● **Exercise**: Using the data below, reproduce exactly the lines from the line with "Календарь праздничных и" to the line with "盐酸头孢甲肟,Cefmenoxime hydrochloride", both included; pictures must be dropped.

START Data supplied

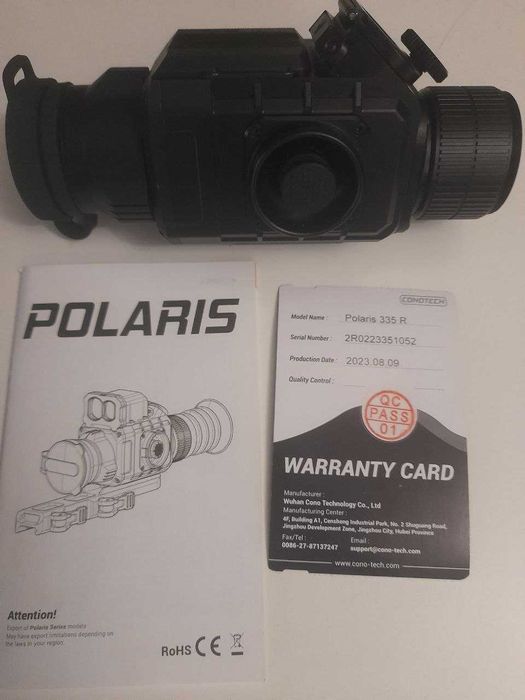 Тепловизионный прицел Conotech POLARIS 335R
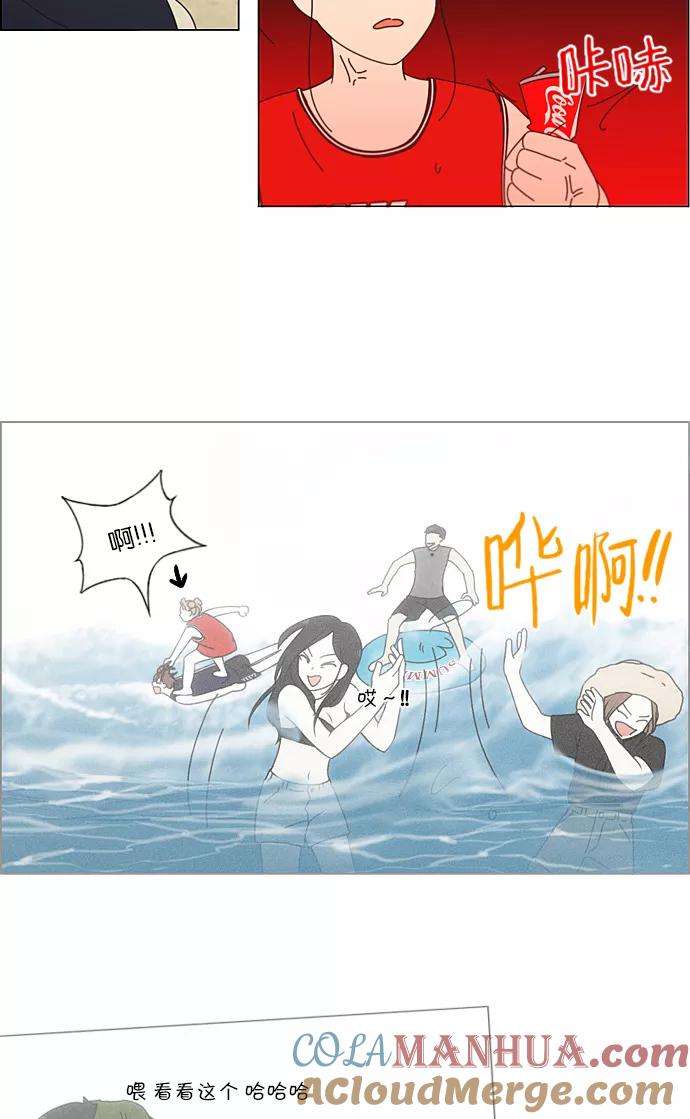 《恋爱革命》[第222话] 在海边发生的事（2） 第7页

END Data supplied
START Data supplied

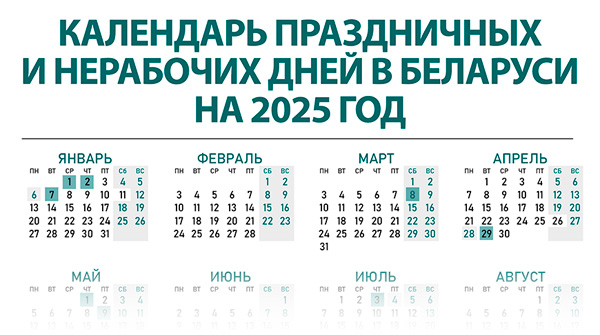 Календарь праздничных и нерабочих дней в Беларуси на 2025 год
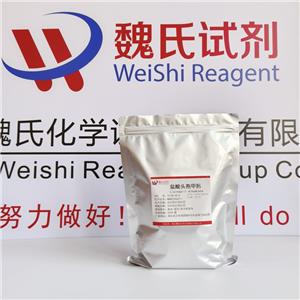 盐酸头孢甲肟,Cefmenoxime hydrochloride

END Data supplied

● **Solution to this problem**:
 Календарь праздничных и нерабочих дней в Беларуси на 2025 год
 盐酸头孢甲肟,Cefmenoxime hydrochloride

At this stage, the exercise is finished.